Records provided -
_ _ _ _ _ _ _

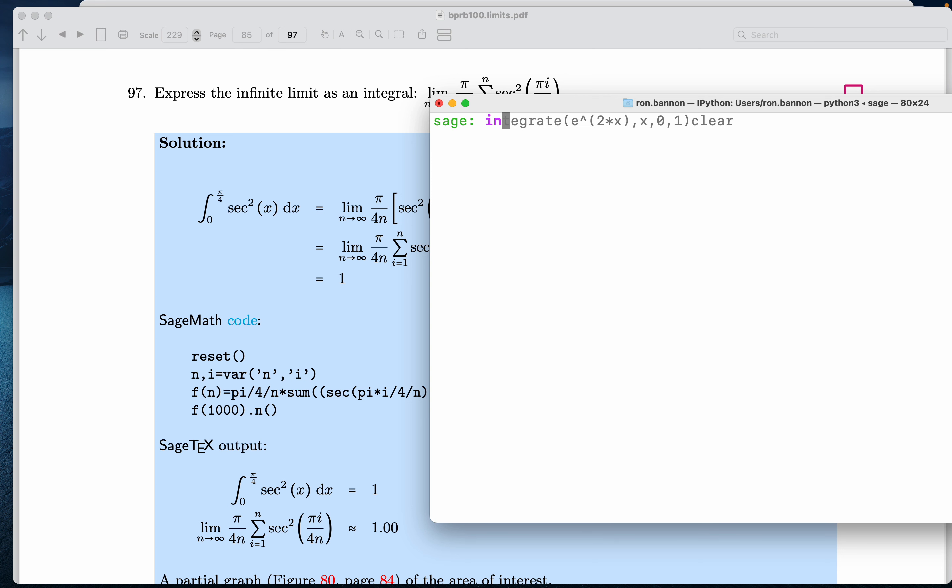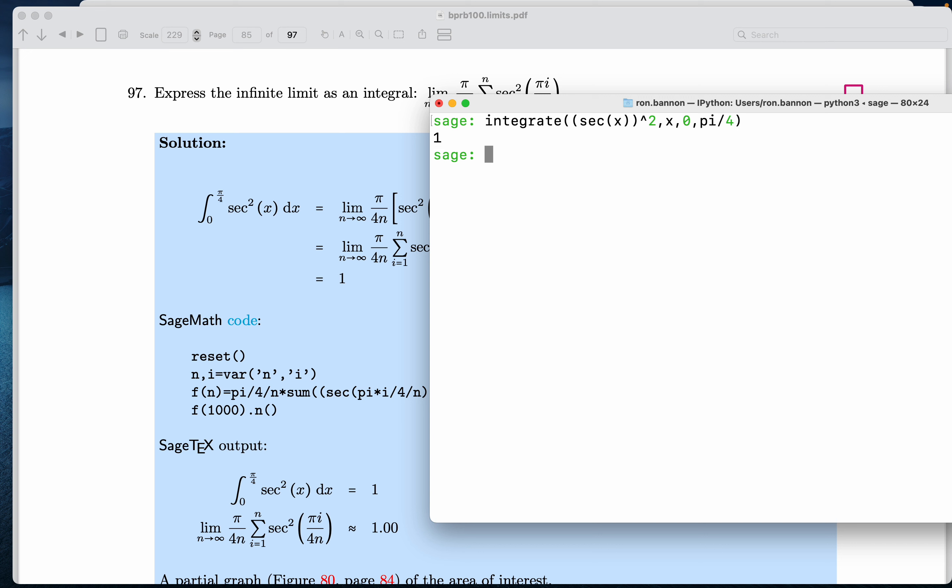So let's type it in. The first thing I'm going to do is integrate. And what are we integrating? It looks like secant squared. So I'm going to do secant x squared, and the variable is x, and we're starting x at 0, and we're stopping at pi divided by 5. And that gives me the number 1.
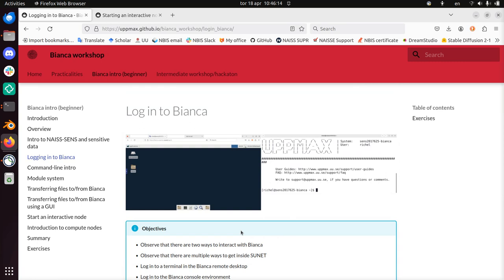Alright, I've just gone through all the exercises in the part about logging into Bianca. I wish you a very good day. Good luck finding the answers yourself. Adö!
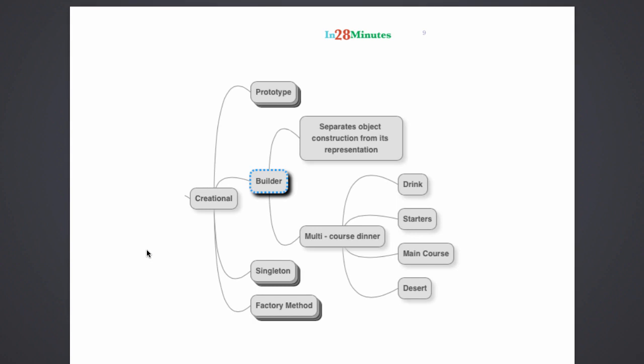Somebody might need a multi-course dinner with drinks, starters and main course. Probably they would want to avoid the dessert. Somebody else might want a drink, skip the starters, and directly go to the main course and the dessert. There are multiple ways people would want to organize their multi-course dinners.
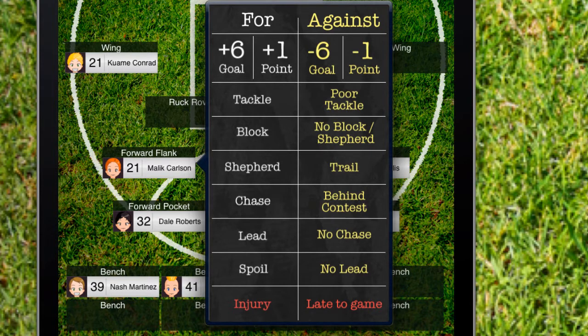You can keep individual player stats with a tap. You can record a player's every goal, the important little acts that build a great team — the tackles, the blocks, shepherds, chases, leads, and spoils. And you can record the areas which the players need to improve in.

_ _ _ _ _ _ _

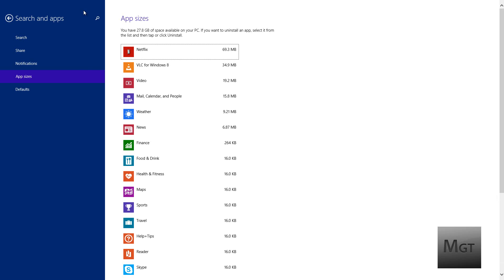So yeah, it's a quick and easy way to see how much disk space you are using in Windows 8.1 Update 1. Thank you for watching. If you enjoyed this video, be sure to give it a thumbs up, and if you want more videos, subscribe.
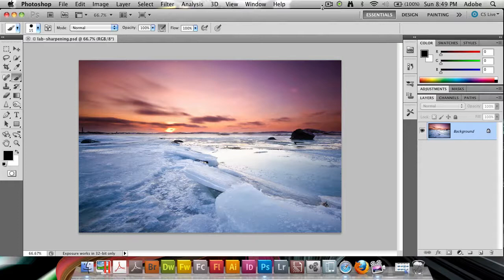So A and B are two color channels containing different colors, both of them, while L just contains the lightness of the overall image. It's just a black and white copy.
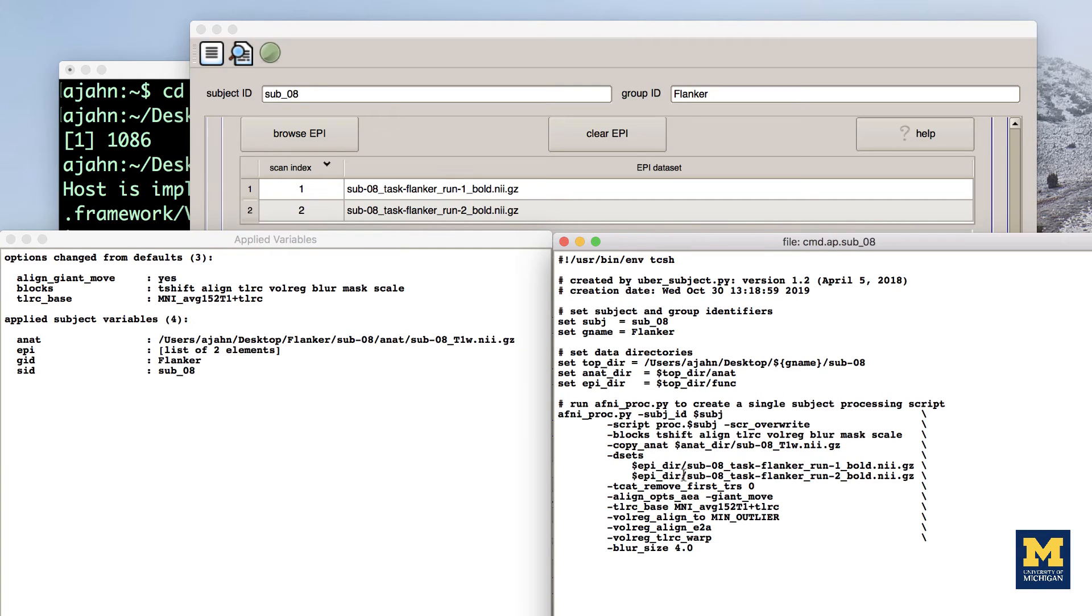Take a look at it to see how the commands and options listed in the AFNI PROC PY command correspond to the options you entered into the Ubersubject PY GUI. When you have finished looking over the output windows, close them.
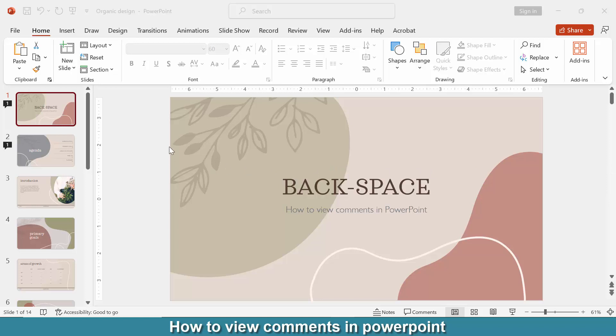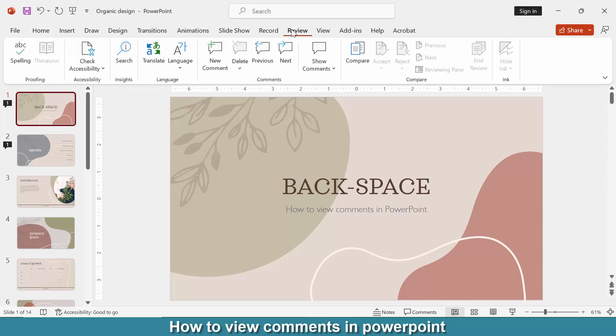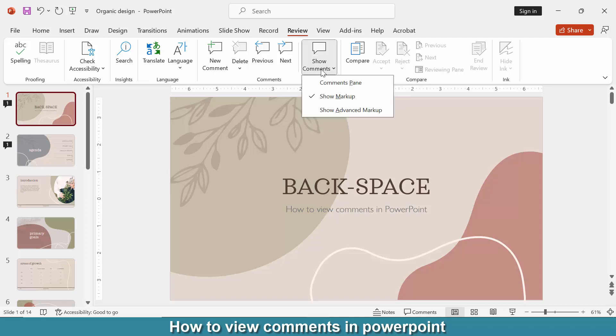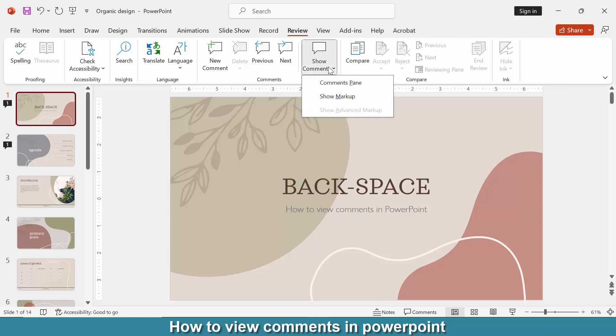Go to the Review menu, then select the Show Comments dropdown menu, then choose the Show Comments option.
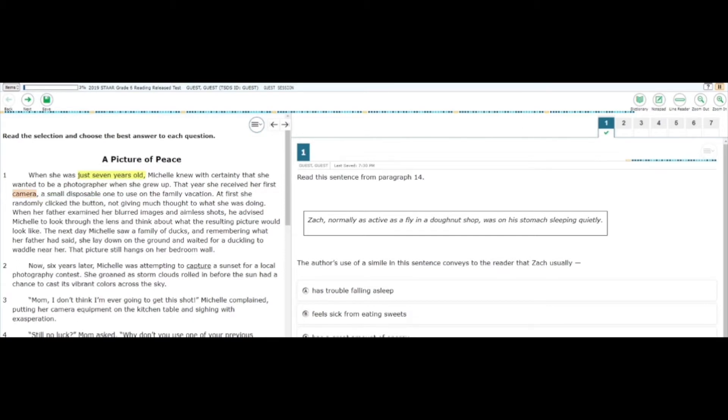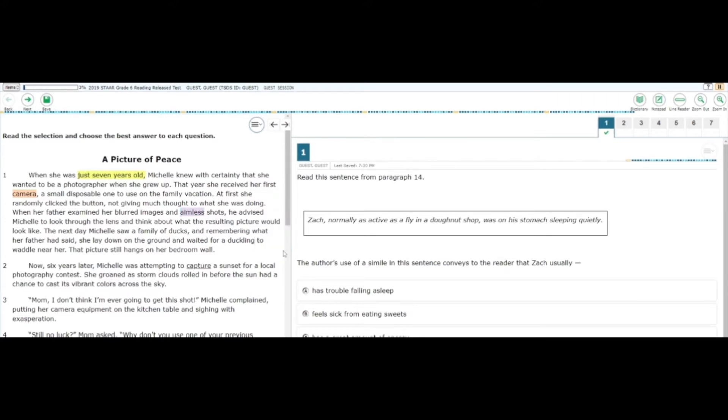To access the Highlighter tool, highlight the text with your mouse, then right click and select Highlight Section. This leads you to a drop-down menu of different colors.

_ _ _ _ _ _ _

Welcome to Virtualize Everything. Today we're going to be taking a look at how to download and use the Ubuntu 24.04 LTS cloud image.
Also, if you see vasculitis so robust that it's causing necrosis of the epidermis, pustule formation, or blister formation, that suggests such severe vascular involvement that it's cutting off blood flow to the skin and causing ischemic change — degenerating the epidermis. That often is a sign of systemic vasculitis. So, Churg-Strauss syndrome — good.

_ _ _ _ _ _ _

Problem statement - Out of the data above, set down the lines from the one with "Welcome to Virtualize" to the one with "Also, if you", both included, exactly as written and with no additions.

Solution below -
Welcome to Virtualize Everything. Today we're going to be taking a look at how to download and use the Ubuntu 24.04 LTS cloud image.
Also, if you see vasculitis so robust that it's causing necrosis of the epidermis, pustule formation, or blister formation, that suggests such severe vascular involvement that it's cutting off blood flow to the skin and causing ischemic change — degenerating the epidermis. That often is a sign of systemic vasculitis. So, Churg-Strauss syndrome — good.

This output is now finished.